AUTORRETRATO E MARTELADA FINAL

AUTORRETRATO E MARTELADA FINAL

ANÁLISE da pergunta 919 de O Livro dos Espíritos que refere-se ao meio mais eficaz de nos melhorarmos. A resposta é dada por Santo Agostinho, que encarece a importância de nosso exame diário de consciência sobre o que fizemos e dissemos durante o dia. 

AUTORRETRATO•Albino Teixeira

Sempre que a nossa palavra: censura;
justifica;
levanta;
rebaixa;
deprecia;
louva;
depreda;
restaura;
complica;
auxilia;
apoia;
fere; abençoa ou condena seja a quem for, estamos fazendo o nosso próprio retrato. E isso acontece porque sendo as atitudes, os pensamentos, as ideias, as emoções, os planos e as intenções dos outros, realidades dos outros – cujas origens autênticas não conseguimos penetrar –, toda vez que nos referimos aos outros estamos sempre efetuando a projeção parcial ou total de nós mesmos.

MARTELADA FINAL•J. Herculano Pires (Irmão Saulo)
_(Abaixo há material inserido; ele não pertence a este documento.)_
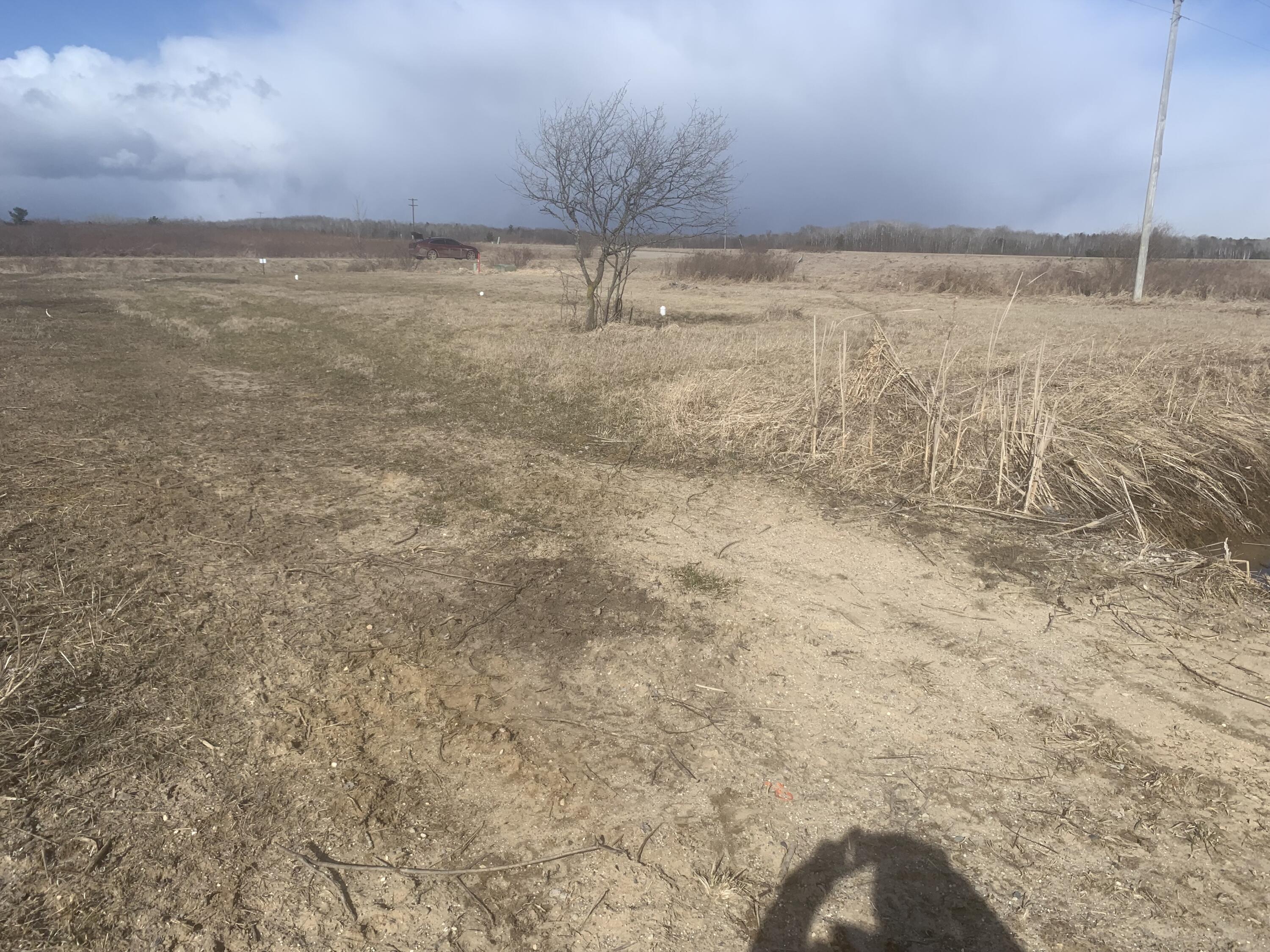 67 Fairfield Way Gladwin, MI 48624 - Photo 7 of 38 IMG_1875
Albino Teixeira não perdeu tempo. Diante das confusões do diálogo humano sobre a palavra, deu um aparte rápido, desfechou a martelada final. Nada mais disse nem lhe foi perguntado. A mensagem incisiva acertou no meio do alvo. A palavra é projeção da alma. A gente fala do que o coração está cheio, diz o provérbio.
Emmanuel, no seu livro Pensamento e vida, explica a mecânica da palavra: que vai da percepção à sensação, desta à emoção e desta ao pensamento e à expressão verbal. Como se vê, a sabedoria popular está certa, pois a palavra nasce do coração. Pensamos o que sentimos e falamos o que pensamos.
Santo Agostinho diz, na sua resposta a Kardec, que Deus colocou os inimigos ao nosso lado como espelhos, pois eles dizem o que sentem a nosso respeito sem o disfarce piedoso dos amigos. Albino Teixeira considerou a palavra como autorretrato parcial ou total. Ambos mostram-nos a importância da palavra como forma de revelação do que somos. Os inimigos dão-nos o seu próprio retrato nas ofensas que nos dirigem, mas como refração do retrato pessoal que lhes demos em nossas palavras.
O palavrão empregado como catarse, como desabafo, não é apenas isso. É também confissão das sujeiras que trazemos por dentro. E confissão não basta para limpar a lama. Não podemos esquecer que as modernas teorias da desinibição partem de psicólogos materialistas que nada entendem dos problemas da alma, que consideram os problemas psíquicos em termos de reflexos orgânicos. A própria parapsicologia atual condena essas psicologias sem alma que perdeu o seu objeto, como lembrou o prof. Rhine, classificando-as como simples ecologias, estudos da relação entre sujeito e meio.
No outro extremo do assunto, temos o farisaísmo da palavra fingida, adocicada a ponto de dar enjoo. Nem tanto ao sal, nem tanto ao açúcar. No meio é que está o certo, a dosagem correta. Por isso ensinou Jesus: "Seja o teu falar sim, sim; não, não." Nossa palavra tem de ser sincera, mas evitando os extremos. Mesmo porque a palavra tem força. Se nos habituarmos às más palavras, elas nos arrastarão na enxurrada, deixando-nos cada vez piores. Se nos habituarmos às palavras boas, sensatas e firmes, elas consolidarão o que temos de bom e nos ajudarão a melhorar.

Artigo publicado originalmente na coluna dominical "Chico Xavier pede licença"  do jornal Diário de S. Paulo, na década de 1970.